Politik yang seharusnya mengedepankan kualitas dan intelektual seolah tidak pernah ada. Yang dikedepankan hanyalah nalar-nalar kebencian untuk saling menjatuhkan. Tidak ada gagasan nyata untuk membangun bangsa. Ini tentu menggambarkan kualitas politisi, suatu keadaan yang sungguh memalukan. Cara-cara yang dilakukan menghina akal sehat dan mengesampingkan nilai-nilai yang selama ini menjadi perekat bangsa.
Aturan Tegas
Untuk persoalan presidential threshold, tentu sudah tidak ada pilihan. Walaupun nantinya judicial review diterima Mahkamah Konstitusi, sudah tidak ada artinya lagi terhadap Pemilu 2019 karena putusan Mahkamah Konstitusi tidaklah berlaku surut. Kemudian, perihal politik SARA dan kebencian, negara sebagai penyelenggara pemilu (KPU dan Bawaslu) harus memiliki langkah jitu untuk meredamnya. Caranya sederhana, dengan membentuk aturan yang tegas terhadap politisi dan parpol yang menjadikan SARA dan kebencian sebagai senjata.

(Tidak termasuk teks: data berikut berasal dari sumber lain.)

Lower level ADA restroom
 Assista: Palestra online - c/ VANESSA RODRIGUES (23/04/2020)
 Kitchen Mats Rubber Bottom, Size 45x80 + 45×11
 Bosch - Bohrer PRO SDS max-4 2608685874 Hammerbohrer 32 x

Pembentukan peraturan tersebut belum terlambat. KPU dan Bawaslu harus segera merumuskan aturan yang tegas untuk melarang politisi dan parpol berkampanye berbau SARA dan kebencian. Aturan tegas tersebut dapat berupa pelarangan ikut pemilu bagi politisi dan parpol.
Jika pelakunya individu yang sedang mencalonkan diri dalam pemilu, dia harus didiskualifikasi. Jika pelakuknya parpol, partai tersebut tidak boleh ikut Pemilu 2019. Tapi jika yang melakukan pendukung dari salah satu calon, sanksinya tetap ditanggung individu dan parpol bersangkutan. Sebab individu calon dan partai pengusung harus bertanggung jawab terhadap pendukungnya. Mereka harus mampu mengontrol pendukungnya agar tidak melakukan kampanye berbau SARA dan kebencian.
Aturan yang tegas itu diperlukan sebab penggunaan idiomSARA dan kebencian dalam pemilu menjadi ancaman terbesar yang dapat menimbulkan perpecahan. Poros-poros politik harus bisa meredam yang dapat menimbulkan perpecahan. Kesatuan dan persatuan Indonesia jauh lebih penting dari tujuan apa pun.